13.2.21

Diário de Bordos - Porto, 13-02-2021

«O serviço de esplanada será pago na entrega do mesmo», diz uma folha de papel (impressa, vá lá) na montra de um café (fechado, claro). O uso de «mesmo» impõe-se, porque a entrega podia referir-se á empregada que trouxesse o serviço para a mesa (ou empregado, há gostos para tudo. Nb: falo por mim, da minha perspectiva, na minha óptica, do meu ponto de vista. obrigado.). Aqui há uns tempos vi melhor ainda: «Por favor não deixe a porta aberta. Por favor feche a mesma.» Não é verbatim, mas anda lá perto. Mais uma vez, a pessoa que escreveu aquilo pensou que se escrevesse «por favor feche-a» quem o lesse pensaria que o estava a mandar calar. O uso de «mesmo» alastrou no português actual como uma praga de gafanhotos na pradaria, como «colocar» por «pôr», como «máscara obrigatória» por «bom senso obrigatório» ou «use a liberdade, não use máscara» ou coisa que o valha. 

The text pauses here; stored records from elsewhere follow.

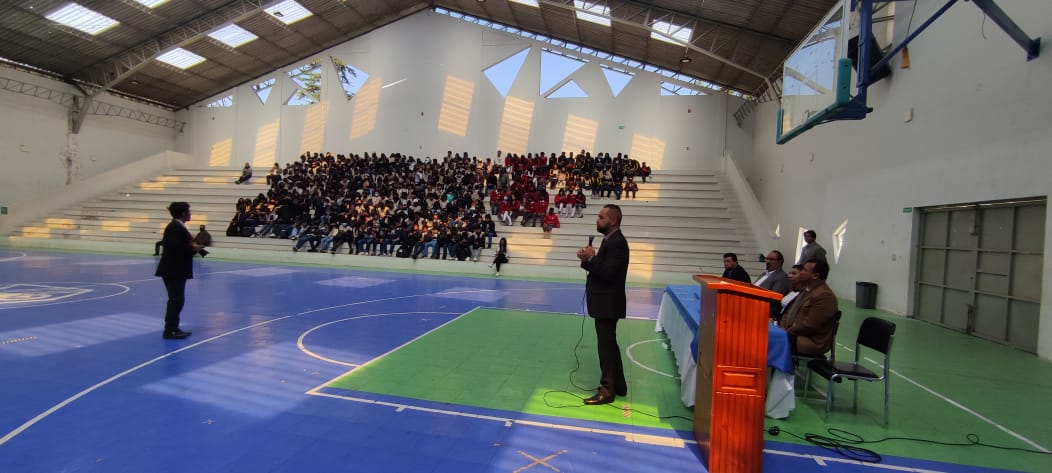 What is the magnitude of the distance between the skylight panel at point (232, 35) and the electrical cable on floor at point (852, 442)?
2403 cm

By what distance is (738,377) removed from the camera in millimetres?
3016

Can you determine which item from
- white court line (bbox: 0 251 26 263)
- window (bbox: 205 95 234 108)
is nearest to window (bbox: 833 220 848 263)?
white court line (bbox: 0 251 26 263)

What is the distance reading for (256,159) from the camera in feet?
83.7

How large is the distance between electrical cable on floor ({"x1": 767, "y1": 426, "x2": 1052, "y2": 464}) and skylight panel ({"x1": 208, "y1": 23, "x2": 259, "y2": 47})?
946 inches

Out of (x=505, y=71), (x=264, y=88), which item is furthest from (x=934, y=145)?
(x=264, y=88)

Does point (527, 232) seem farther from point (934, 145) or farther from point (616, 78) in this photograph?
point (934, 145)

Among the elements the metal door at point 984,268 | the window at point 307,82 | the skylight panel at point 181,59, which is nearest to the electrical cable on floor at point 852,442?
the metal door at point 984,268

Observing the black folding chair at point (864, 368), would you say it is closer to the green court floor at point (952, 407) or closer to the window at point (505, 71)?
the green court floor at point (952, 407)

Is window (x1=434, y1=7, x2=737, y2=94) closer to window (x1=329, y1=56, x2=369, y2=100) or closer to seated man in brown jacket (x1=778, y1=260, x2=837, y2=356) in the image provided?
window (x1=329, y1=56, x2=369, y2=100)

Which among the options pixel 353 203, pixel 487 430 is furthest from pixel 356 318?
pixel 353 203

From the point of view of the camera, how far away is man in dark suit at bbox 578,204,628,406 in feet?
13.0

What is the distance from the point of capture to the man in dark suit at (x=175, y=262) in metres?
5.83

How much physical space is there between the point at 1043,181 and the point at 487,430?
8.03m

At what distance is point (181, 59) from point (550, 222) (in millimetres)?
19203
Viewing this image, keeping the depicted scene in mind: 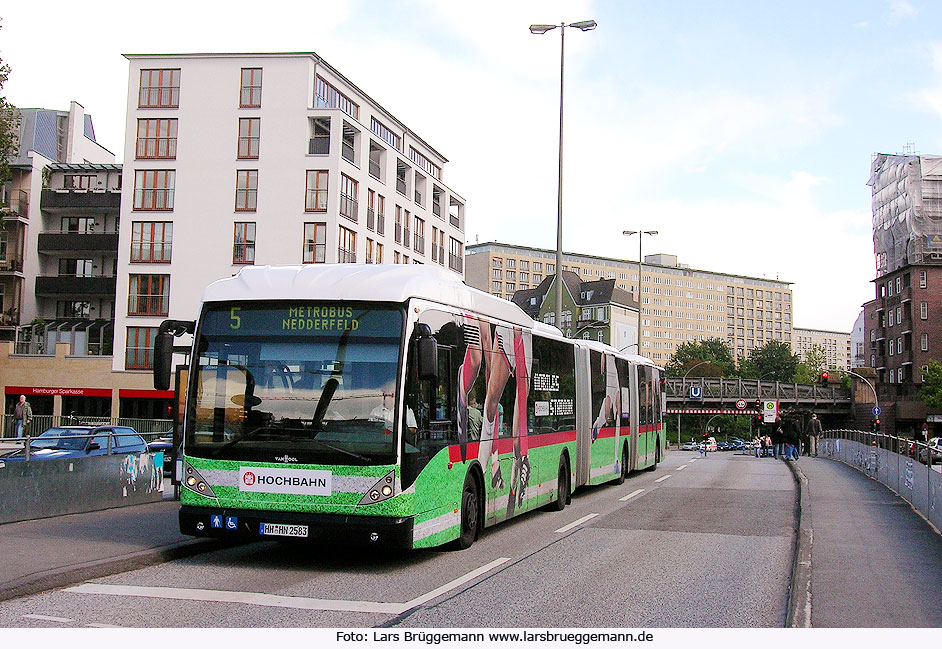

Noventa e nove por cento das pessoas que cruzo na rua usa máscara, por vazia que esteja a rua, por espaço que tenham à sua volta. Até casais, de mão dada e olhar enlevado (suponho). Nesse aspecto, o Porto desiludiu-me. Pensava que os portuenses eram mais rebeldes, prezavam mais a liberdade. Afinal, em Lisboa somos mais numerosos.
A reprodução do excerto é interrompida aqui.